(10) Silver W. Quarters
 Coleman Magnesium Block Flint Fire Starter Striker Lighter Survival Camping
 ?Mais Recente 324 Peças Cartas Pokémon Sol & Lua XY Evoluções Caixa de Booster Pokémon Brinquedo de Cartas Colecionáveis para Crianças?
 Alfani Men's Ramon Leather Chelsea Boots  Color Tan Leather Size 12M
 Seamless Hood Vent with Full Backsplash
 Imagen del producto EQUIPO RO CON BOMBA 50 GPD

EXERCISE GOAL> Restate the records above exactly.

WRITTEN ANSWER>
(10) Silver W. Quarters
 Coleman Magnesium Block Flint Fire Starter Striker Lighter Survival Camping
 ?Mais Recente 324 Peças Cartas Pokémon Sol & Lua XY Evoluções Caixa de Booster Pokémon Brinquedo de Cartas Colecionáveis para Crianças?
 Alfani Men's Ramon Leather Chelsea Boots  Color Tan Leather Size 12M
 Seamless Hood Vent with Full Backsplash
 Imagen del producto EQUIPO RO CON BOMBA 50 GPD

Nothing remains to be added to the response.